**THE PROBLEM:** The entries below contain a line with "八上地理第四章主要内容 八年级上册地理复习" and a line with "up of Elephant". Quote exactly those two lines and all lines between them.

*** SOURCE INFORMATION Section Begins ***

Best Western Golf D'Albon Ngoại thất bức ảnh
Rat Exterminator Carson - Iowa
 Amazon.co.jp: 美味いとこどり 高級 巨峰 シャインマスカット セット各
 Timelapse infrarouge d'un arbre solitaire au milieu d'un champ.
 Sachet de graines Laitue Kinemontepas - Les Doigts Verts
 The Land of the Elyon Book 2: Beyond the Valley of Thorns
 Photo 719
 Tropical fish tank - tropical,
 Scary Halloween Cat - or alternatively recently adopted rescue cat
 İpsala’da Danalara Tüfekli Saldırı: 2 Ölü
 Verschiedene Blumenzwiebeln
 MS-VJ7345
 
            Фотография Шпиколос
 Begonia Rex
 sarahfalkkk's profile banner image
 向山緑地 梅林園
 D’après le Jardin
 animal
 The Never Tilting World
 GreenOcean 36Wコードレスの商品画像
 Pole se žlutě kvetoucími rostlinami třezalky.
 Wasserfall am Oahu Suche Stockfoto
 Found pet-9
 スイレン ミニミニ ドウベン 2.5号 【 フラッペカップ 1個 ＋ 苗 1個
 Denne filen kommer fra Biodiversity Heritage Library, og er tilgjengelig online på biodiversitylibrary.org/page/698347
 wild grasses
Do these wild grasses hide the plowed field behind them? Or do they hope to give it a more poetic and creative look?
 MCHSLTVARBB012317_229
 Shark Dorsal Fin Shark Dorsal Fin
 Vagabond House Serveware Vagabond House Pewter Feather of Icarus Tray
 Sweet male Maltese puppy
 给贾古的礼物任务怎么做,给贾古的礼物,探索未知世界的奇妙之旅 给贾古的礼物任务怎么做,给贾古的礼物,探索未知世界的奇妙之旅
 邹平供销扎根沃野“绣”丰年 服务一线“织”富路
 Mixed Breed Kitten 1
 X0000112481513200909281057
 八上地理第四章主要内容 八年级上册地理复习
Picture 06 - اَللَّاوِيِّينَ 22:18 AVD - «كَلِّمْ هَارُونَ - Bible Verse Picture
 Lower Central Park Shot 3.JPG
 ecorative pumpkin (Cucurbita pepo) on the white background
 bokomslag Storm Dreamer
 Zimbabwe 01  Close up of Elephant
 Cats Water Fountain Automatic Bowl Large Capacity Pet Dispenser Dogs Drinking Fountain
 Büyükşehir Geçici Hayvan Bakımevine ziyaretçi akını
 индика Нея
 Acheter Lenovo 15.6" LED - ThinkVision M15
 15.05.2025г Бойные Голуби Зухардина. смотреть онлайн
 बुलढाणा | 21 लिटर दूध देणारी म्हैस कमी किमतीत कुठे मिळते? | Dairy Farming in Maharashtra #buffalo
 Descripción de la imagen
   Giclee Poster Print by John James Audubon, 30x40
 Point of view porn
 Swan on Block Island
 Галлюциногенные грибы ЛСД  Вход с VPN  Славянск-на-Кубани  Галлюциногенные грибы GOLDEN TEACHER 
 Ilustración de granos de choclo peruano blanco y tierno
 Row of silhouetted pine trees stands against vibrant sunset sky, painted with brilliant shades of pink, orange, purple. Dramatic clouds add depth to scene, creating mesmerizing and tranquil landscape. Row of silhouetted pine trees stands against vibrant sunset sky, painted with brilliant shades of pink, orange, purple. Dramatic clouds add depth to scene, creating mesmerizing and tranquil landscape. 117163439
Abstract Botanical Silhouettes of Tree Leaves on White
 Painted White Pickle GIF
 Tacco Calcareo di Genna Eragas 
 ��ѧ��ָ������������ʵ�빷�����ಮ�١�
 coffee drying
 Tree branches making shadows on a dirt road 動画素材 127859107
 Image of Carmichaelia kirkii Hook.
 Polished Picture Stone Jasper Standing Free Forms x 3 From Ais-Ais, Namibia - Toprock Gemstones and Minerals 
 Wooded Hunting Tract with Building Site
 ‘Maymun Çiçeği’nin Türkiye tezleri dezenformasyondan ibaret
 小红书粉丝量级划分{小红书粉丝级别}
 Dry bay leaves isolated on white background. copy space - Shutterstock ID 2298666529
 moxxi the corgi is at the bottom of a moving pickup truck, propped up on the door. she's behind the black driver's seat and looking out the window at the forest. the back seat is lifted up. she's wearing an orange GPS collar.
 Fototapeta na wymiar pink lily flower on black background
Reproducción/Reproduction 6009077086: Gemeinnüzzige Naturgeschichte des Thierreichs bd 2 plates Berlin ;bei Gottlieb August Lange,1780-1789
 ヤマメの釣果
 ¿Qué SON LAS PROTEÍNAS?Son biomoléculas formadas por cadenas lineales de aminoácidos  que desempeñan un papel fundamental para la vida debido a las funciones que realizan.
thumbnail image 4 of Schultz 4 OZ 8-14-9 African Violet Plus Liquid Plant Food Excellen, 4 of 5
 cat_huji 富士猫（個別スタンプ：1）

*** SOURCE INFORMATION Section Ends ***

**RESPONSE:**
 八上地理第四章主要内容 八年级上册地理复习
Picture 06 - اَللَّاوِيِّينَ 22:18 AVD - «كَلِّمْ هَارُونَ - Bible Verse Picture
 Lower Central Park Shot 3.JPG
 ecorative pumpkin (Cucurbita pepo) on the white background
 bokomslag Storm Dreamer
 Zimbabwe 01  Close up of Elephant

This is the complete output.